Data shown ->

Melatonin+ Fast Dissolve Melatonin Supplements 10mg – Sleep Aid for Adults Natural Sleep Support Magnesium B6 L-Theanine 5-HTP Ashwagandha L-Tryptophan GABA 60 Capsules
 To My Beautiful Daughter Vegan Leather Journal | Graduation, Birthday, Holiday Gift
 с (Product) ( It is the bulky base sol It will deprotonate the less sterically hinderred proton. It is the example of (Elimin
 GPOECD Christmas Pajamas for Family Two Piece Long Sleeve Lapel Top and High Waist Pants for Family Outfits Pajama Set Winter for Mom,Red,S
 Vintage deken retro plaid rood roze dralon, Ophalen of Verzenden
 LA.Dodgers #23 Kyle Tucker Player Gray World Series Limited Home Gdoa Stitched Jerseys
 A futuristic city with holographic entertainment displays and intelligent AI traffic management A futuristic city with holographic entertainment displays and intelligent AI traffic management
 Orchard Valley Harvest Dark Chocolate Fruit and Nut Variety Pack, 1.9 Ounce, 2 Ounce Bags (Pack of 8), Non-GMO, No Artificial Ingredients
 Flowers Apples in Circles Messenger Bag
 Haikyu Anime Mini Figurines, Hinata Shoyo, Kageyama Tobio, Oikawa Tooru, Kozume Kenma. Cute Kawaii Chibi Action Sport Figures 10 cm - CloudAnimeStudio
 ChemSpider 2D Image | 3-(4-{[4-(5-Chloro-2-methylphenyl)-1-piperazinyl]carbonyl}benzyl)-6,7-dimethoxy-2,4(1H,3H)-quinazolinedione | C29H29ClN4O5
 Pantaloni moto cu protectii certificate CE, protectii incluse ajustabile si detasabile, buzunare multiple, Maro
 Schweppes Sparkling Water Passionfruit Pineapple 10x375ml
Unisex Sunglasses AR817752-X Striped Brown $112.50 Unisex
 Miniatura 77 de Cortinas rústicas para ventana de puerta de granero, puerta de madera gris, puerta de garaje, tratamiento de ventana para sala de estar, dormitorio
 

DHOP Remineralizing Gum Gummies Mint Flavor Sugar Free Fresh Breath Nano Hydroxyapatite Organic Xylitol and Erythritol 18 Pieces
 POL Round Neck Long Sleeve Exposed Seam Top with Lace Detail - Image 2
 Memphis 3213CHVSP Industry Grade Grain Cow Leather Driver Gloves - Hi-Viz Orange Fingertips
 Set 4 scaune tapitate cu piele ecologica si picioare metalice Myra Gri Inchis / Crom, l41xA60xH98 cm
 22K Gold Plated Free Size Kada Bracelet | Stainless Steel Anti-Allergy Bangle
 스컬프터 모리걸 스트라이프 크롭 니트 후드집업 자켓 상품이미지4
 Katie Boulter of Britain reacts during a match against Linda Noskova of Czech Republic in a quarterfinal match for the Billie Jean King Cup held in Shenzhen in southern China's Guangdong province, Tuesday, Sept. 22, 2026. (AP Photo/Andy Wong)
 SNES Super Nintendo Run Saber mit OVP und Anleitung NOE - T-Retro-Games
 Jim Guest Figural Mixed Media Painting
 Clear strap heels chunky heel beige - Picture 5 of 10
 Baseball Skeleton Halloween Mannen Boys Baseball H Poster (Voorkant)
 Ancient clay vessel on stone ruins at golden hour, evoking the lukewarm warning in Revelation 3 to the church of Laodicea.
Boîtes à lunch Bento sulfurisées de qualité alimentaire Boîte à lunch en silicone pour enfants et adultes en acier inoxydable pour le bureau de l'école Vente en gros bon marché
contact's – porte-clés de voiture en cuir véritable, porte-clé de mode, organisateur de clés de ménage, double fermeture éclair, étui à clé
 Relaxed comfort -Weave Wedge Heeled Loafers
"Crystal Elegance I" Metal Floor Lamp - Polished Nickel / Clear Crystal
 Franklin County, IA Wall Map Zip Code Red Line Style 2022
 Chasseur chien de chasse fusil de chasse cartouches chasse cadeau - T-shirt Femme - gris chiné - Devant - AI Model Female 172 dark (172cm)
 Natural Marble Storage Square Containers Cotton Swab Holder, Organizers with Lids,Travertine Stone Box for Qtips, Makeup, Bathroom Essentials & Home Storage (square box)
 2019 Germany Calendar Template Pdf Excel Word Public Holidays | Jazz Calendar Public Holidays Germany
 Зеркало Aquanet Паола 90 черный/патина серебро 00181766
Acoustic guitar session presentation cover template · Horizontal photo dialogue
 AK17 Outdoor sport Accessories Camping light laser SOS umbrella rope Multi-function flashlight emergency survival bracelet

What is required -> Exactly the lines from the start of the entries through the one bearing "POL Round Neck" are to be output, with both ends included.

Exercise result ->
Melatonin+ Fast Dissolve Melatonin Supplements 10mg – Sleep Aid for Adults Natural Sleep Support Magnesium B6 L-Theanine 5-HTP Ashwagandha L-Tryptophan GABA 60 Capsules
 To My Beautiful Daughter Vegan Leather Journal | Graduation, Birthday, Holiday Gift
 с (Product) ( It is the bulky base sol It will deprotonate the less sterically hinderred proton. It is the example of (Elimin
 GPOECD Christmas Pajamas for Family Two Piece Long Sleeve Lapel Top and High Waist Pants for Family Outfits Pajama Set Winter for Mom,Red,S
 Vintage deken retro plaid rood roze dralon, Ophalen of Verzenden
 LA.Dodgers #23 Kyle Tucker Player Gray World Series Limited Home Gdoa Stitched Jerseys
 A futuristic city with holographic entertainment displays and intelligent AI traffic management A futuristic city with holographic entertainment displays and intelligent AI traffic management
 Orchard Valley Harvest Dark Chocolate Fruit and Nut Variety Pack, 1.9 Ounce, 2 Ounce Bags (Pack of 8), Non-GMO, No Artificial Ingredients
 Flowers Apples in Circles Messenger Bag
 Haikyu Anime Mini Figurines, Hinata Shoyo, Kageyama Tobio, Oikawa Tooru, Kozume Kenma. Cute Kawaii Chibi Action Sport Figures 10 cm - CloudAnimeStudio
 ChemSpider 2D Image | 3-(4-{[4-(5-Chloro-2-methylphenyl)-1-piperazinyl]carbonyl}benzyl)-6,7-dimethoxy-2,4(1H,3H)-quinazolinedione | C29H29ClN4O5
 Pantaloni moto cu protectii certificate CE, protectii incluse ajustabile si detasabile, buzunare multiple, Maro
 Schweppes Sparkling Water Passionfruit Pineapple 10x375ml
Unisex Sunglasses AR817752-X Striped Brown $112.50 Unisex
 Miniatura 77 de Cortinas rústicas para ventana de puerta de granero, puerta de madera gris, puerta de garaje, tratamiento de ventana para sala de estar, dormitorio
 

DHOP Remineralizing Gum Gummies Mint Flavor Sugar Free Fresh Breath Nano Hydroxyapatite Organic Xylitol and Erythritol 18 Pieces
 POL Round Neck Long Sleeve Exposed Seam Top with Lace Detail - Image 2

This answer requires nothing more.